Nikolaus West [00:30:04]: Really important. And that was designed for this world of pre ML world where that was the main complexity of your product, like what ran on the robot. But you need that. But then you can think about what happens in the off sort of you now want to improve your models so you've uploaded this data and the current state of the world at least is that you then need to make that data usable by sort of the kind of systems that you have to do MLOps or ML data pipelines and so on before training. You want to have it in, I don't know if TF records or you know, whatever, HDF5 files that are just optimized, ready to train and all of those things tend to be very structured and they're not good at storing this sort of messy log style data on top of that. And you want to also run analytics, run some statistical job compute metrics, all that kind of stuff. So basically all the offline data tooling that's out there, if it's like databricks or Datadog or whatever things. These tools do not understand this kind of physical AI robotic style data.

Nikolaus West [00:31:31]: They do not know the storage systems do not know how to read into these log structured messy file formats. They want everything to be like a table with columns and so on. But they don't know how to handle huge unaligned data. And there's no built in visualization which is crucial for debugging. So then you end up building like teams end up building these very complex data pipelines to try and transform and clean the data and do dataset curation. And because those offline systems don't understand really the source structure of the data, these things get super complex.

Demetrios [00:32:13]: Sounds miserable.

Nikolaus West [00:32:14]: So that's super miserable. And then it's super complex and really brittle. And then you don't have the ability because you don't have any built in visualization. So you don't really have the ability to debug. If your last. Right before training you just suddenly all the data is showing up upside down. Like where did that happen? You don't even have built initialization. So maybe I've talked to self driving companies who, who started using Rerun and found bugs like oh, we were training on something and the orientation of something was flipped for two years during training.

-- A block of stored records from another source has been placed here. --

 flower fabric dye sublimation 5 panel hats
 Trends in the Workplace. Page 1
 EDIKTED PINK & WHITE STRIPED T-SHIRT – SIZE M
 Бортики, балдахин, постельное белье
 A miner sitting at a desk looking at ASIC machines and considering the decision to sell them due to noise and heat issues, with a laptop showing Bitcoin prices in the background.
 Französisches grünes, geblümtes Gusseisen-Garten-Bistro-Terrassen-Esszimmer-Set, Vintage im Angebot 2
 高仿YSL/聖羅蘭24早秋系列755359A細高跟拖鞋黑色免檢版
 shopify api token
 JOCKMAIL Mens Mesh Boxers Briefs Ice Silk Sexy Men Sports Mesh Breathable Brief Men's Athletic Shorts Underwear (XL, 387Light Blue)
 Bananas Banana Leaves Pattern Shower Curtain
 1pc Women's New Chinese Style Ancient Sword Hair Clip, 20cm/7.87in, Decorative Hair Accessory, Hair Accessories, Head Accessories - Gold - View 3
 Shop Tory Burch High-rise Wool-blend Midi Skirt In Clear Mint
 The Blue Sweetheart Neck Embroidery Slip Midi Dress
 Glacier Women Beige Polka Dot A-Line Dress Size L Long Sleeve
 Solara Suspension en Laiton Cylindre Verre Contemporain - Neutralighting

Nikolaus West [00:32:51]: It was giving bad performance and because of some no one saw it. They didn't have a good. It was too hard to debug the data pipeline. The state after each step in the data pipeline. It was just too hard to do. So that kind of stuff. Yeah, that stuff gets really complicated. So you just end up like with these robotics companies in a tough spot.

Nikolaus West [00:33:12]: Right. They end up with two stacks. Classically you have your online data system stuff that was built for classical robotics but does understand the kind of data and you have your offline systems that are built for large scale learning and stuff like that. But they don't understand physical AI data. These don't talk to each other and yeah, it's a mess. That's the kind of base state of, of the world.

Demetrios [00:33:37]: You created some visualizations, right. And you decided to or tools to help with the visualization and so that the physical AI can understand the world and you can see where and how they're understanding the world and you decided to open source it. Can we talk a bit about everything that you've been open sourcing until now and the inspiration behind that?

Nikolaus West [00:34:04]: Sure. Just to frame it first. So what we run as a company is doing. We're basically trying to solve the problem I just talked about. So we Want to build a new unified kind of data stack that handles both this online and offline scenarios for physical AI, so that you get a consistent, easy to use experience with kind of built in visualization and like much more efficient and easy to use like querying and things like that. Because the data stack understands both of these kinds of types of data. Okay, so we started out two and a half, what is three years ago roughly, and spent most of the first two and a half years, I'd say, on an open source project that's called, you know, Rerun, like the company. And that project is focused on logging and visualizing multimodal data that changes over time.

Nikolaus West [00:35:03]: So a broader application than just. But broader than robotics. So we start out actually focused on more like computer vision outside of robotics. And I've kind of expanded into to be much broader. And so that is a project that has, you have like SDKs in Python, Rust and C that allows you to. You can think of it like, it's like you'd log text or something, log metric, something like that. But you can log sort of anything, you know, like tensor, 3D point, cloud, build up a full like 3D scene of things happening or you know, normal metrics and video and have everything connected like cameras moving around and you like hover an image and it will like highlight where that ray shoots out in 3D. So those kinds of things and allows you also to scroll back and forth in time.

Demetrios [00:35:59]: I just gotta say this is kind of some Star wars shit right here. This is what, you know, when they plug into the droids and stuff, this is what I imagine they're seeing on their little computer.

Nikolaus West [00:36:08]: I hope so. Yeah, I hope so. It is pretty cool. Like, if I can, you know, say so myself, it's pretty cool. Cool application or framework. So we've been building that open source project and it's a pretty extreme thing. So we basically said, okay, none of the old things work. We rebuilt sort of this whole stack, like a data logging and visualization stack from scratch.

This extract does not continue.